What is needed:
No pictures, nothing altered: return the data below.

Data to use:
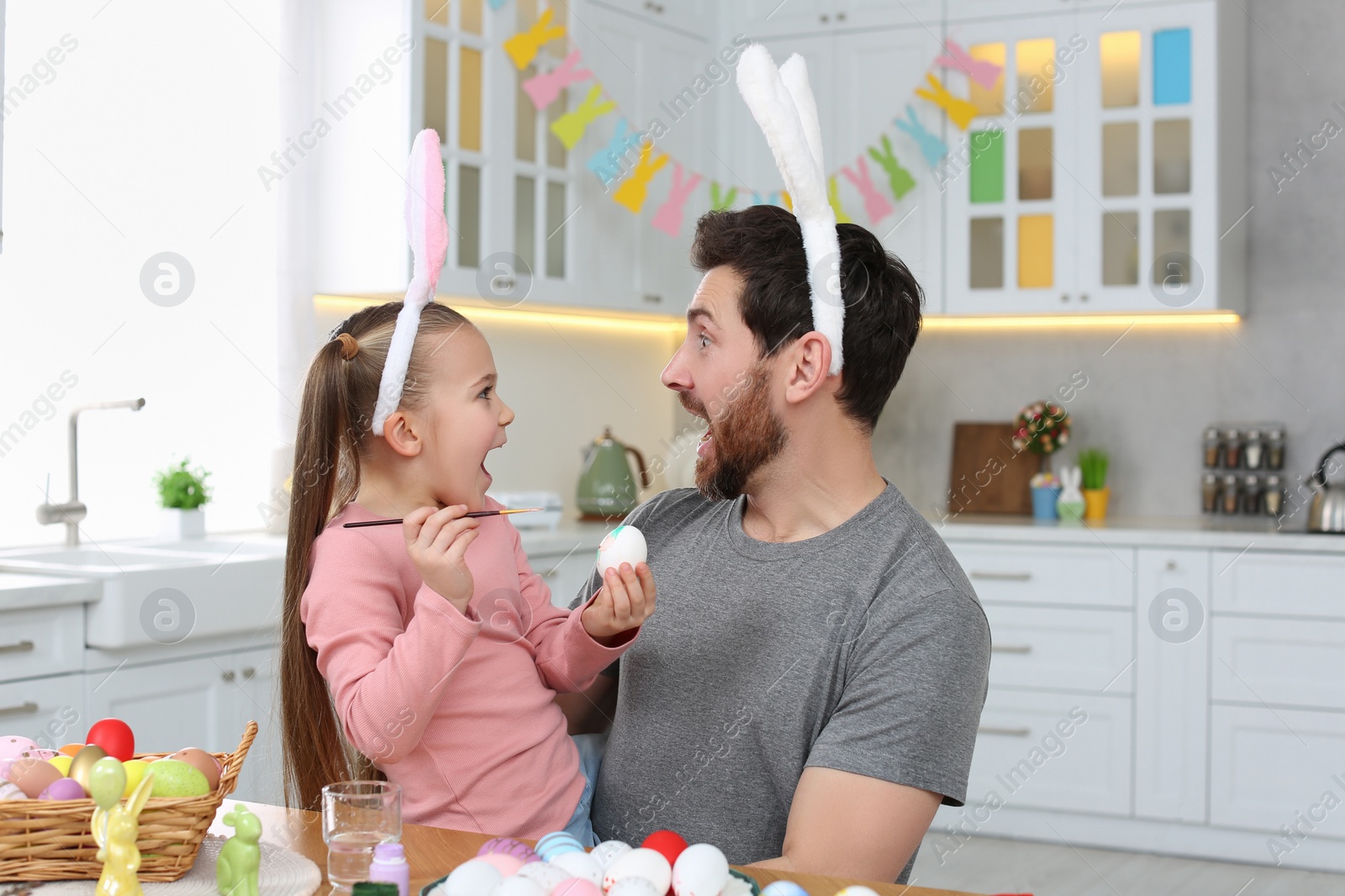 Photo of Emotional father with his cute daughter and Easter eggs at table in kitchen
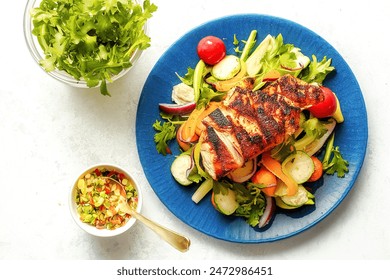 Grilled chicken meat and fresh vegetable salad on white background - Powered by Shutterstock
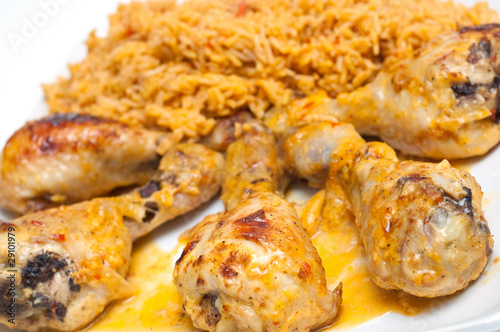 chicken drumbsticks and mexican rice on white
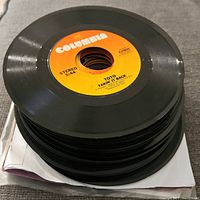 Stack of assorted 45 RPM vinyl records with Columbia label 'Toto Takin' It Back' visible on top record.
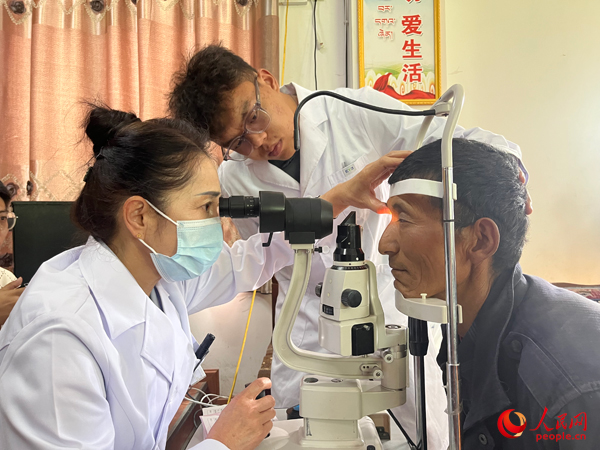 王紅英（左）和團(tuán)隊(duì)成員為達(dá)熱村村民檢查眼睛。人民網(wǎng)記者 杜燕飛攝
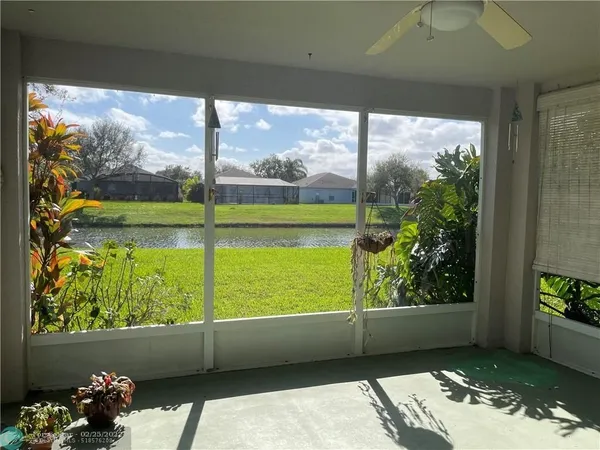 a view of a yard from a balcony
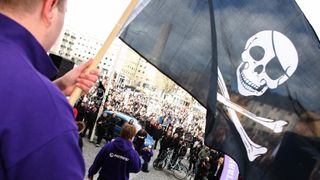 Supporters of the Pirate Bay wave flags in support of the site at a Swedish trial.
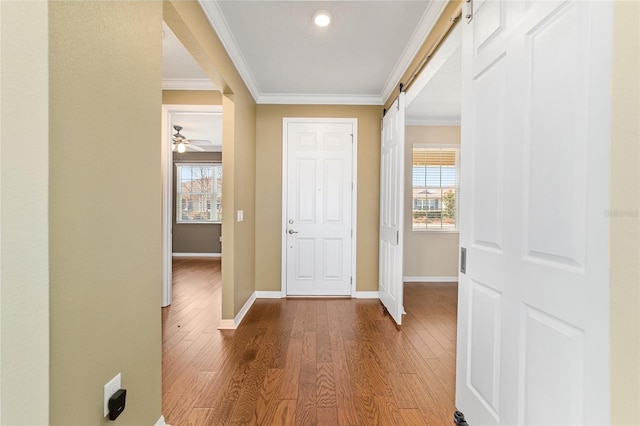 foyer featuring hardwood / wood-style flooring, crown molding, a barn door, and a wealth of natural light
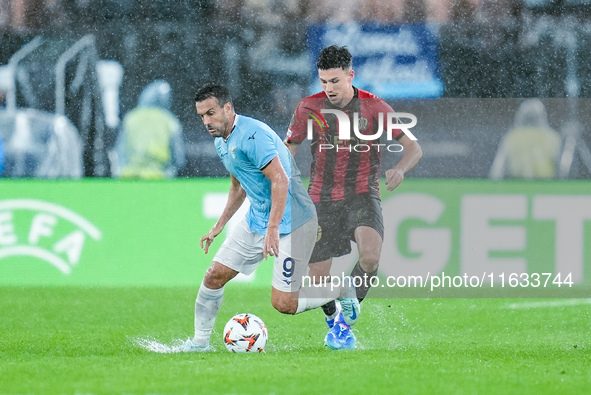 Tom Louchet of OGC Nice and Pedro of SS Lazio compete for the ball during the UEFA Europa League 2024/25 League Phase MD2 match between SS L...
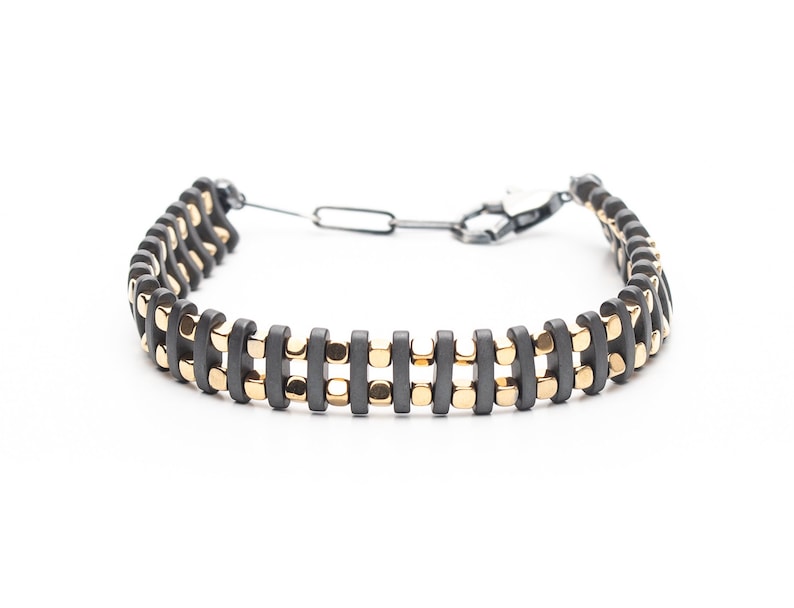 Mens bracelet with black hematite beads and gold-tone highlights, secured by an oxidized 925 sterling silver clasp and chain, offering adjustable sizing and a sleek design.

Response to this exercise:
 Photo of Emotional father with his cute daughter and Easter eggs at table in kitchen
 Grilled chicken meat and fresh vegetable salad on white background - Powered by Shutterstock
 chicken drumbsticks and mexican rice on white
 Stack of assorted 45 RPM vinyl records with Columbia label 'Toto Takin' It Back' visible on top record.
 王紅英（左）和團(tuán)隊(duì)成員為達(dá)熱村村民檢查眼睛。人民網(wǎng)記者 杜燕飛攝
 a view of a yard from a balcony
 Supporters of the Pirate Bay wave flags in support of the site at a Swedish trial.
 foyer featuring hardwood / wood-style flooring, crown molding, a barn door, and a wealth of natural light
 Tom Louchet of OGC Nice and Pedro of SS Lazio compete for the ball during the UEFA Europa League 2024/25 League Phase MD2 match between SS L...
 Mens bracelet with black hematite beads and gold-tone highlights, secured by an oxidized 925 sterling silver clasp and chain, offering adjustable sizing and a sleek design.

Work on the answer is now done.